Pobreza instantânea, desigualdades sociais
No livro “Um Olhar Sociológico sobre a Crise COVID-19” vários autores analisam o impacto da pandemia em setores diversos como educação, desigualdades sociais e económicas, saúde, habitação, ambiente, arte e cultura, ensino superior, entre outros. Uma publicação com 16 textos organizada pelos investigadores Renato Miguel do Carmo, Inês Tavares e Ana Filipa Cândido, no âmbito do Observatório das Desigualdades, do Centro de Investigação e Estudos de Sociologia (CIES), do ISCTE - Instituto Universitário de Lisboa.
As pessoas mais afetadas pela pandemia são as mais vulneráveis do ponto de vista das desigualdades sociais. Esta é uma evidência desta crise pandémica profunda e singular que destapa vulnerabilidades socioeconómicas. As investigadoras Inês Tavares e Ana Filipa Cândido adiantam, em jeito de síntese, que quem mais sofre nesta crise sanitária são as pessoas com “menos capitais sociais, económicos, culturais e simbólicos, na medida em que, por um lado, são as mais afetadas pela própria doença e, por outro lado, são as que sofrem mais consequências económicas e sociais negativas no presente e, previsivelmente, no futuro”. E aqui estão as famílias com filhos em idade escolar que ficaram sem trabalho.

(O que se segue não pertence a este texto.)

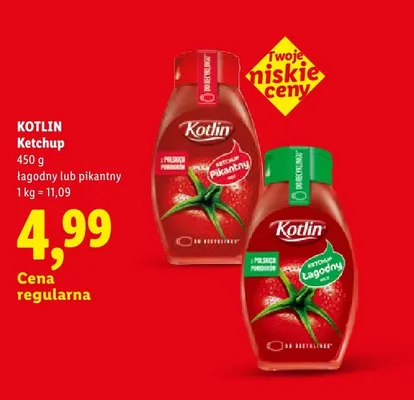 Ketchup pikantny Kotlin promocja w Lidl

As famílias deparam-se com um empobrecimento abrupto, as que têm filhos sofrem ainda mais. Trabalhadores precários com contratos temporários ou sem contratos, trabalhadores com escassos recursos económicos, que, de um dia para o outro, perdem o emprego e ficam sem chão, são os mais afetados. Inês Tavares e Ana Filipa Cândido destacam ainda a dificuldade de adaptação à telescola em agregados familiares com dependentes a cargo e níveis desiguais de literacia digital, e cujos efeitos ainda estão por apurar em toda a sua extensão e dimensão.
António Firmino da Costa, sociólogo, professor catedrático do departamento de Sociologia do ISCTE, membro do CIES, é um dos especialistas que partilham as suas visões relativamente às consequências desta crise nas desigualdades sociais. Num vídeo de 21 minutos, fala de desigualdades sociais. Antes da pandemia, essas diferenças já eram acentuadas, agora agravam-se e aumenta o fosso entre os mais pobres e os mais ricos. “Os mais desfavorecidos e vulneráveis estão a ficar ainda mais desfavorecidos e mais vulneráveis”, refere. “Não se encontram praticamente exemplos de sentido contrário”, acrescenta.
Desigualdades exacerbadas, desigualdades que emergem. “O atual período de quarentena representa um esforço monumental por parte dos indivíduos e respetivas famílias. O isolamento não só quebrou a regularidade dos laços e das ligações sociais em copresença e proximidade física, como está a gerar um conjunto de processos disruptivos decorrentes do confinamento prolongado”, escrevem os investigadores.